Linguistic Variation in Online Communities:
A Computational Perspective
The same word can be used by different people to mean different things. The observed meaning variation is not random, but determined by the social characteristics of the speakers using it. In particular, a crucial factor in determining the observed variation is the community an individual belongs to. This thesis investigates meaning variation in online communities of speakers with a twofold goal: providing an empirical account of the phenomenon in online setups, and leveraging it to improve the performance of NLP models.
I build on theoretical frameworks introduced in Linguistics and Sociolinguistics which describe meaning variation in offline communities. In order to investigate variation using digital data derived from online communities, I leverage the tools and methodologies developed in the fields of Natural Language Processing and Computational Linguistics.
The thesis consists of two main parts. The first part focuses on the general research question: how to identify and represent meaning variation in online communities of speakers? This part includes three descriptive studies that address this question from different points of view. Initially, I investigate meaning variation from a synchronic perspective, introducing a methodology to represent how word meaning varies in online communities. Subsequently, I consider the diachronic dimension, focusing both on the process of meaning shift which leads to the observed variation, and on the social dynamics underpinning this process.

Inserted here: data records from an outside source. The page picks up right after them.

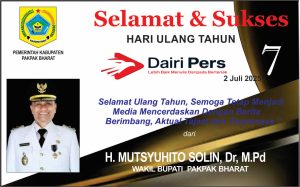 Iklan Ucapan Selamat HUT Dairi Pers ke 7 Dari Wakil Bupati Pakpak Bharat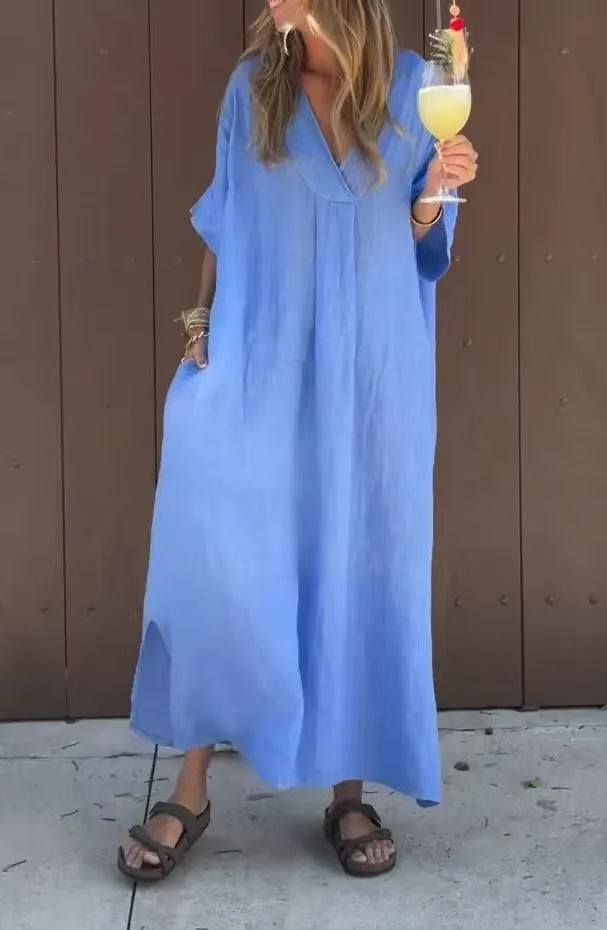 Comfortable Spring Cotton Casual Short-sleeved Long Dress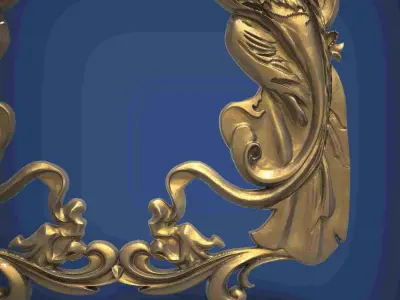 Carved clock for 3D printing and CNC 3D print model 21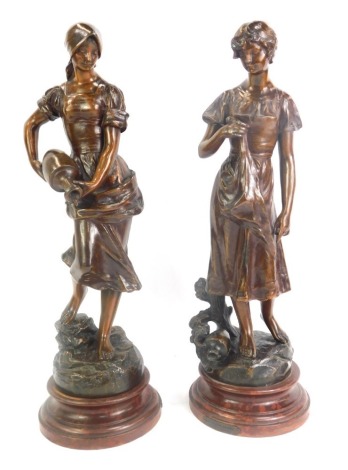 After Julien Causs (French, 1869-1914). A pair of late 19thC spelter figures, modelled as 'A La Fontaine' and 'La Cruche Cassee', signed, bearing stamp Fabrication Francaise Paris, raised on faux red marble wooden socles, 51cm high. (2)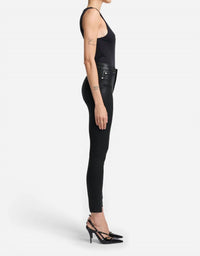 7 For All Mankind High Waist Ankle Skinny Jean in coated black - women's jeans - alternate view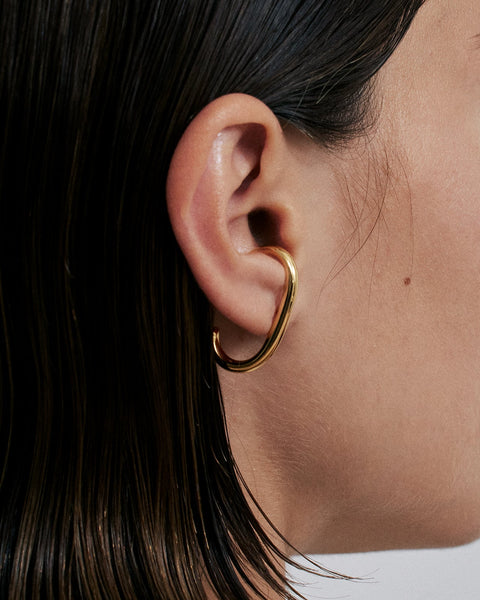 【Miansai】Quad Quartz Huggie Earring,Gold Vermeil Quad Quartz Huggie Earrings, Gold Vermeil | Women's Earrings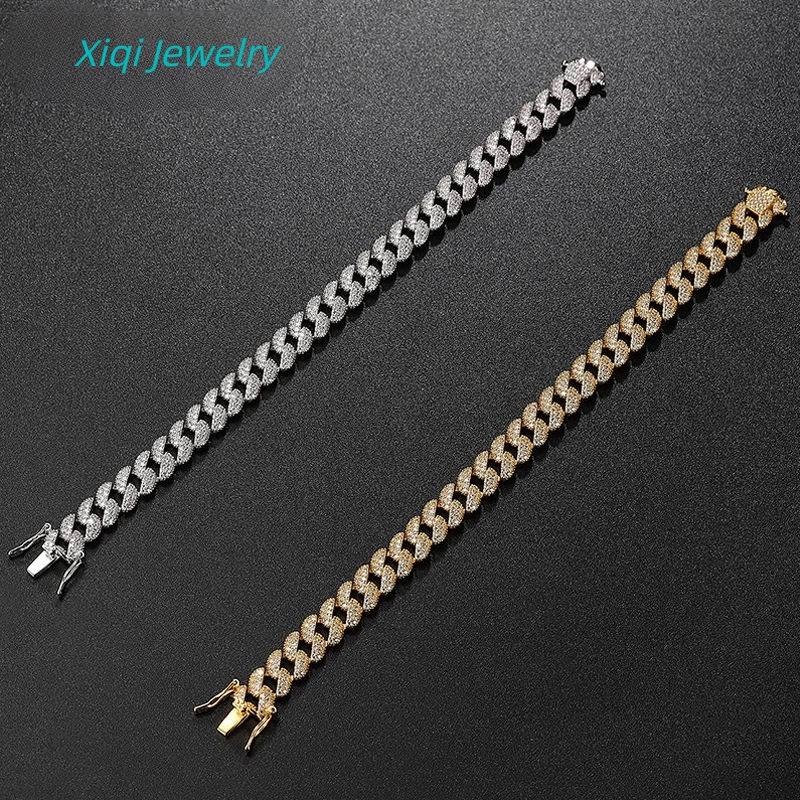 

Xiqi Jewelry 925 Sterling Silver, Full-Diamond Moissanite Cuban Chain Bracelet, Couples' Trendy Street Hip-Hop, Light Luxury Jew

In the second part, I take a task-oriented approach, as I address the research question: how can social information be used to improve the performance of NLP models? I address this question in two studies. In the first one, I show how it is possible to leverage the information coming from the connections of a user on a social media platform, in order to obtain better results in tasks involving the classification of user-generated texts. In the second study, I show that the language produced by users on social media provides highly valuable information for the task of fake news detection.
Overall, this dissertation presents an extensive study of meaning variation in online communities of speakers, making two main contributions: On the one hand, it contributes empirical confirmation of the findings of traditional sociolinguistic studies and provides new theoretical insights about meaning variation in online communities of speakers. On the other hand, it introduces new models and methodologies which, by leveraging information about the social context where language is produced, help to improve the performance of NLP systems for text classification.